A proposta de ação orientada nos letramentos e fundamentada metodologicamente nos gêneros discursivos pautou-se em abordagens como as de Souza, Corti e Mendonça (2012) direcionadas ao ensino médio. Partiu do reconhecimento de que os alunos já participam do mundo letrado e, com isso, identificou as diferentes maneiras dessa ocorrência, ou seja, do que os alunos são e fazem. O levantamento realizado pela PP possibilitou a construção de uma sequência didática flexível, com aulas ministradas abarcando textos e debates vinculados à realidade dos estudantes. Foi projetada com resultados coerentes com as metas e ações idealizadas (GEE, 2015). O enfoque voltou-se às práticas de leitura, escrita e oralidade, com apreciações e discussões de textos multimodais que faziam sentido à vida discente.

A Figura 1, com base em Kleiman, Ceniceros e Tinoco (2013), em cumprimento às expectativas institucionais do conteúdo programático e em conexão com as práticas socioculturais vivenciadas e desejadas pelos estudantes, sintetiza as atividades realizadas ao longo de 17 aulas. O desenvolvimento das ações culminou na confecção de um jornal mural produzido pelos estudantes com escritas sobre coisas que lhes incomodavam na comunidade de que participavam.

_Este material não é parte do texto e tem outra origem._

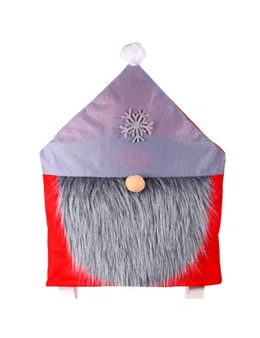 Zmart 6x Christmas Rudolph w Beard Santa Hat Chair Covers Dinner Table Décor Ornaments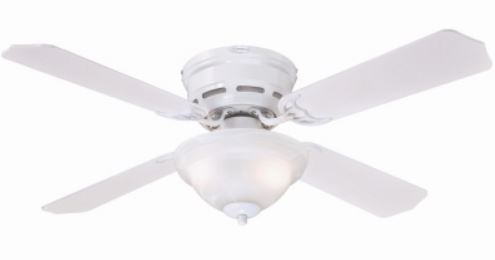 42" White Fan with Bowl Light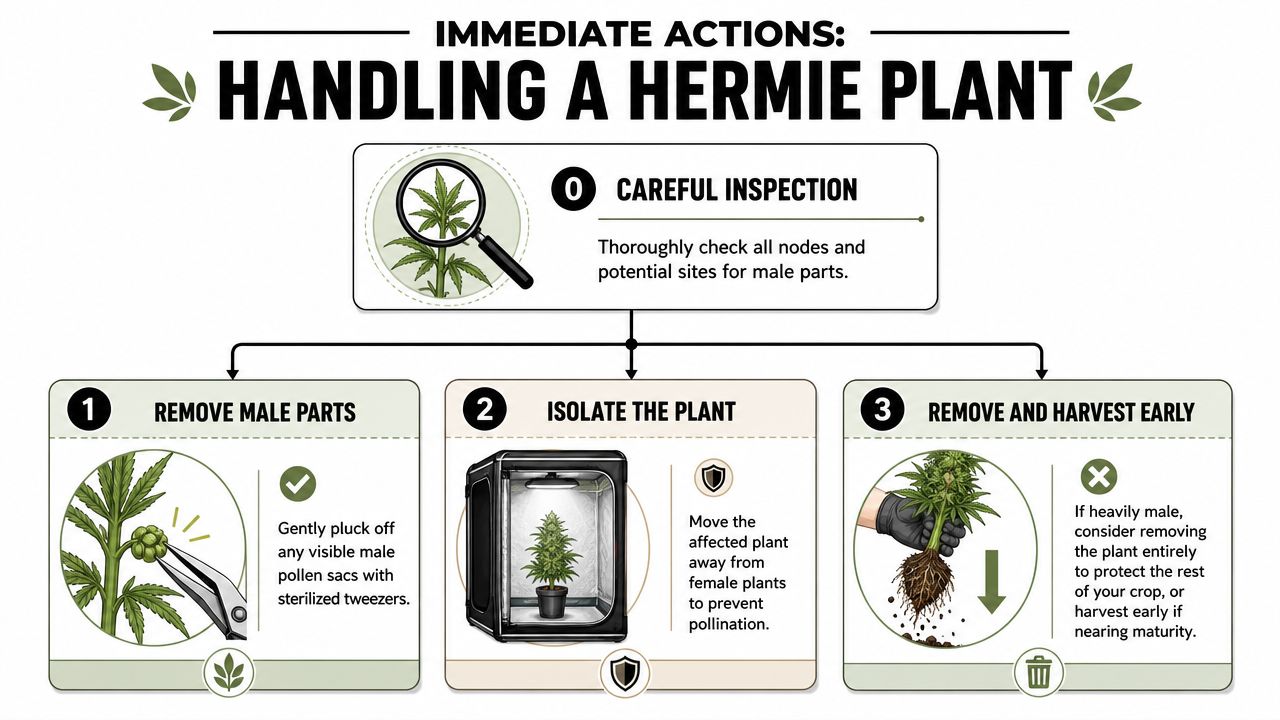 An infographic showing three immediate actions for handling a hermaphrodite cannabis plant including inspection, isolation, and removal.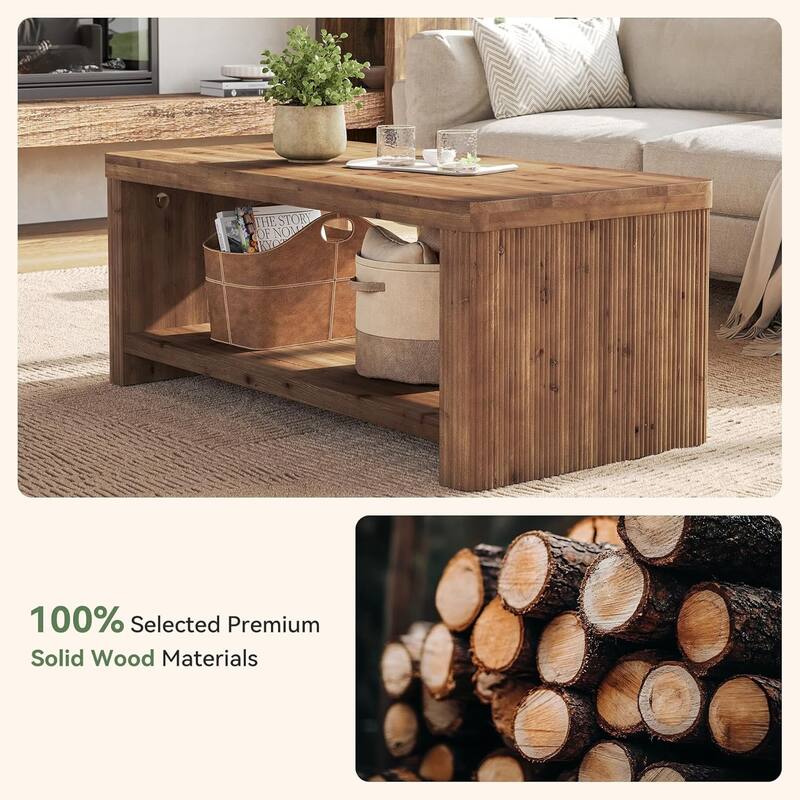 2-Tier Solid Wood Coffee Table for Living Room, 47.24" Rectangle Accent Center Tea Table with Storage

A perspectiva intergêneros se instalou no decorrer da flexibilidade de ação permitida pela sequência didática. Como estratégias metodológicas, a PP buscou inserir os estudantes como agentes das práticas de aprendizagem efetivada, demonstrando a importância da autonomia e da escuta sensível. Os alunos não “recebiam” os conteúdos programáticos, conceitos e arquitetura do que seria trabalhado, antes definiam em conjunto com a PP o que estudar. Participavam, seguindo a recomendação de Gomes (2013), da seleção dos textos para a aula. A aula cópia e ensaio, cujas ações eram verticalizadas pelo professor, deu lugar ao papel protagonista discente, à promoção de vozes. A língua portuguesa se contextualizou por essas brechas, cumprindo a determinação de documentos curriculares (BRASIL, 1999, 2002, 2006), que defendem aulas subsidiadas por texto/contexto, passando a fazer sentido de análise em vida.

Os textos sugeridos versavam as temáticas cidadãs direcionadas especificamente para a saúde na comunidade, para o meio ambiente, evidenciando as queimadas no lixão próximo à cidade, a degradação do rio de Olhos D’Água, os espaços para a diversão jovem, como a construção de lugar apropriado para festas com som automotivo, e as questões escolares, como a proibição do uso do celular em sala de aula e a violência sexual na comunidade. Percebemos que os alunos se sentiam mais instigados a participar e a produzir quando se identificavam com tais temáticas abordadas, o que, nas recomendações de Gee (2015), significa dar vasão à aprendizagem contextualizada (situated meaning).

Ensinar língua portuguesa orientada pelos letramentos implica, ao passo que trabalhamos com gêneros discursivos, induzir suas caracterizações, partindo de textos e temas reconhecidos pelo grupo social. Os diferentes gêneros discursivos propostos, publicados em diferentes suportes e mídias, permitiram análises discentes sem preocupações voltadas às características estruturais. Com a pluralidade de gêneros na disciplina de língua portuguesa para possibilitar múltiplos letramentos (BRASIL, 2006), a produção e recepção de diferentes gêneros discursivos, longe de fins burocráticos e escolarizados, se incorporaram ao grau de significância e identificação dentro de contextos e enunciações que faziam sentido à vida do público-alvo. Dessa forma, o desenvolvimento de conceitos, análises e produções com finalidade social e propósito comunicativo se instalavam espontânea e significativamente na prática de estudo da língua produzido em interação.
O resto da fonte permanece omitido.